As such, structure owners and the government are in contest for land and resources that would provide development for hundreds of thousands living in the informal settlement. The last 5 years of development have been marked by new arrivals occupying the cheapest housing which sits alongside Kibera's flood-prone waterways. These residents live in great risk — vulnerable to damage and destruction of property, decreased levels of social cohesion, heightened crime and insecurity, and increased exposure to public health issues. These risks and extreme vulnerability are sources of common crisis and conflict, weakening community stability and resilience.
In policy and in practice, Kenya’s national and local governments have sought to address these challenges in policy and in practice. While the National Environmental Management Authority (NEMA) enacted a 30-m riparian zone policy for Kenya's waterways, these issues of stability, conflict, and vulnerability for the 127,000 people living within the riparian of the Mathare, Nairobi, and Ngong rivers has proven the policy to be difficult to realize.

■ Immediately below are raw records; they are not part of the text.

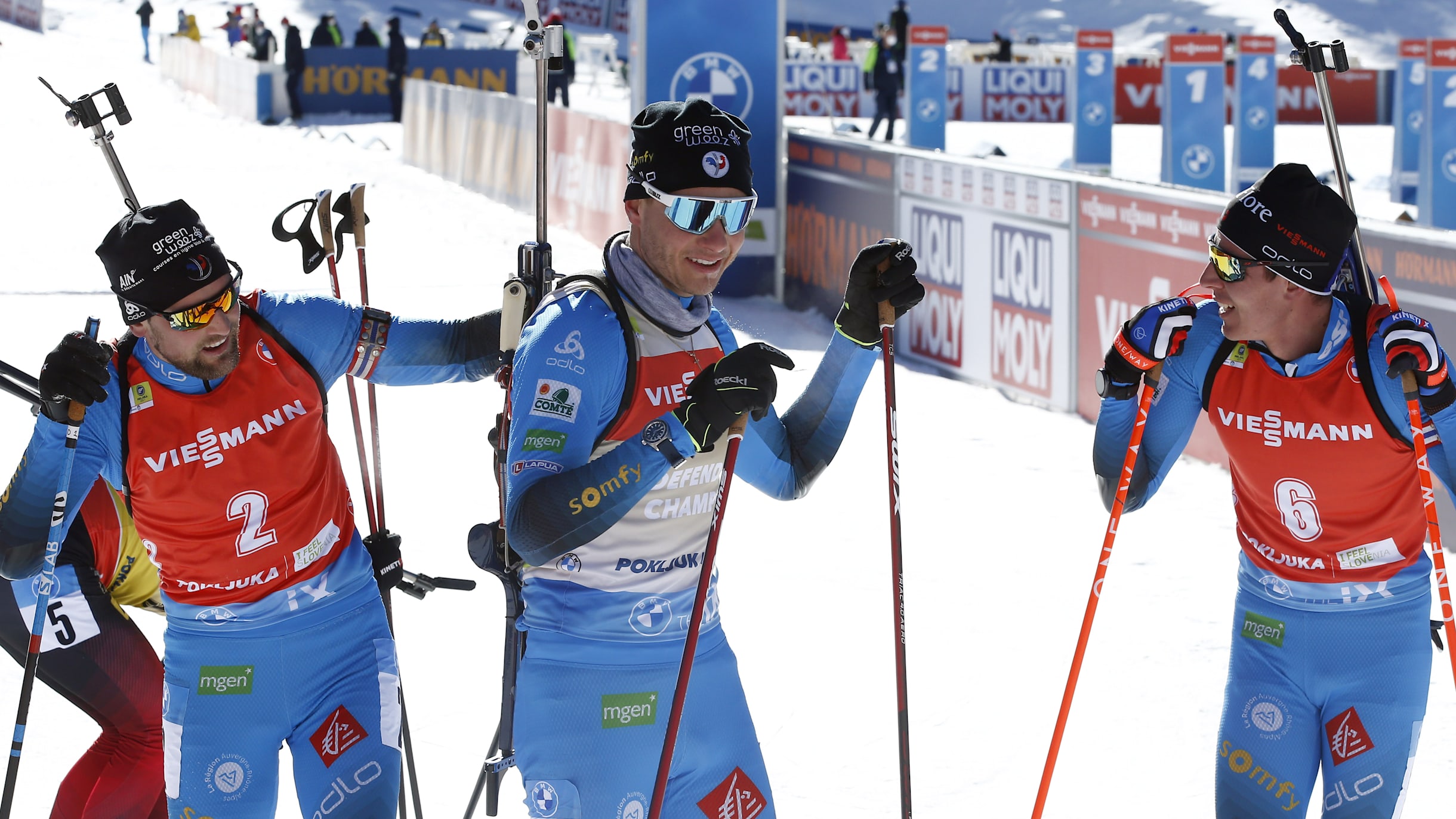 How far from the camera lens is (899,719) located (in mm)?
3355

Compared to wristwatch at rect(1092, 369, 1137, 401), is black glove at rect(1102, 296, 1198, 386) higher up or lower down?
higher up

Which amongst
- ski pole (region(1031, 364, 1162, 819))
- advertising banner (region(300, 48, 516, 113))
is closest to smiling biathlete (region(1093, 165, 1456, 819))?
ski pole (region(1031, 364, 1162, 819))

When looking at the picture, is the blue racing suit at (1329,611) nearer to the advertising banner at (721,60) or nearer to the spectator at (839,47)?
the advertising banner at (721,60)

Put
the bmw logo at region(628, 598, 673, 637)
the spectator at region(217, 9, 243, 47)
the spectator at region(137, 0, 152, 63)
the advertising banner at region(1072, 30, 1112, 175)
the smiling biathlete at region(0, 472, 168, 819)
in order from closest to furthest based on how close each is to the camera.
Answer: the bmw logo at region(628, 598, 673, 637), the smiling biathlete at region(0, 472, 168, 819), the advertising banner at region(1072, 30, 1112, 175), the spectator at region(217, 9, 243, 47), the spectator at region(137, 0, 152, 63)

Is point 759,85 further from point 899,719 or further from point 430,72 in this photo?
point 430,72

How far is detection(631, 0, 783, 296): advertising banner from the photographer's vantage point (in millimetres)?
14047

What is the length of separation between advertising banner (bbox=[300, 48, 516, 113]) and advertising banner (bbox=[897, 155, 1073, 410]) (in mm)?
21783

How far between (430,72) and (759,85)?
19.5 m

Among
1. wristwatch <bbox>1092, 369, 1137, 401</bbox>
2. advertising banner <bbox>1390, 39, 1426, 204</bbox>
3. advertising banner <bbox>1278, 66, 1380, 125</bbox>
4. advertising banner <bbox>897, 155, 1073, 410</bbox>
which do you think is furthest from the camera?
advertising banner <bbox>1278, 66, 1380, 125</bbox>

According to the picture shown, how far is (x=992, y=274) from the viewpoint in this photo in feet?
36.8

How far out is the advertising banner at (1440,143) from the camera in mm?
15891

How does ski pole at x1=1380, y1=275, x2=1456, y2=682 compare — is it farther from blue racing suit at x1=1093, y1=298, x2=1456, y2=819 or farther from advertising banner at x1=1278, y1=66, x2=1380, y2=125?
advertising banner at x1=1278, y1=66, x2=1380, y2=125

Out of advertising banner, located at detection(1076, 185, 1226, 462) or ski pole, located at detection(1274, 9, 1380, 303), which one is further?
advertising banner, located at detection(1076, 185, 1226, 462)

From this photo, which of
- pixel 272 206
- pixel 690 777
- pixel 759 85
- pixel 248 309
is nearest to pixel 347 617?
pixel 248 309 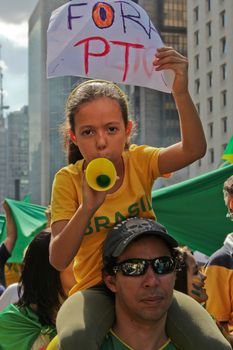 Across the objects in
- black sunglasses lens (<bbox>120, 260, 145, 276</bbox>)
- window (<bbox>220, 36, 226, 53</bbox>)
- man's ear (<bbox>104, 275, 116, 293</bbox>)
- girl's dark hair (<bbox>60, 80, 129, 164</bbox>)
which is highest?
window (<bbox>220, 36, 226, 53</bbox>)

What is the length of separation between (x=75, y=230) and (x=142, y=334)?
0.41 metres

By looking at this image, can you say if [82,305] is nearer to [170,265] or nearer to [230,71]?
[170,265]

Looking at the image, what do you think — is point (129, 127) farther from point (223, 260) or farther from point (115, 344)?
point (223, 260)

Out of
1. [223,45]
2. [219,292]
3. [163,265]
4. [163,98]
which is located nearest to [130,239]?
[163,265]

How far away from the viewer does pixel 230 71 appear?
1857 inches

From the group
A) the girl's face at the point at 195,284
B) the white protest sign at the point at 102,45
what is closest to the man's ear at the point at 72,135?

Moreover Amnesty International cites the policy plan as "socially and economically disastrous for thousands of people" in Nairobi's informal settlements (Amnesty International, 2009).
In recent years, the national and county government has made effort to change the landscape of Kibera in reality. From water and sanitation facilities to public roads and sewerage networks — agencies have attempted to consult with residents in these development interventions. These infrastructure and upgrading interventions have often been a source of conflict and tension (Mitra et al 2017) and perceived as contributors to increasing flood and climate risk due to contributions to negative health and livelihood impacts.
Many observers posit that a fundamentally important part of the solution is to integrate government and community resilience initiatives using conflict-sensitive and context-specific approaches towards climate risk reduction. We seek to build upon our decade of experience in placemaking in these contested spaces to support the implementation of collaborative, scaled interventions and infrastructure that activates positive environmental and inclusive social outcomes.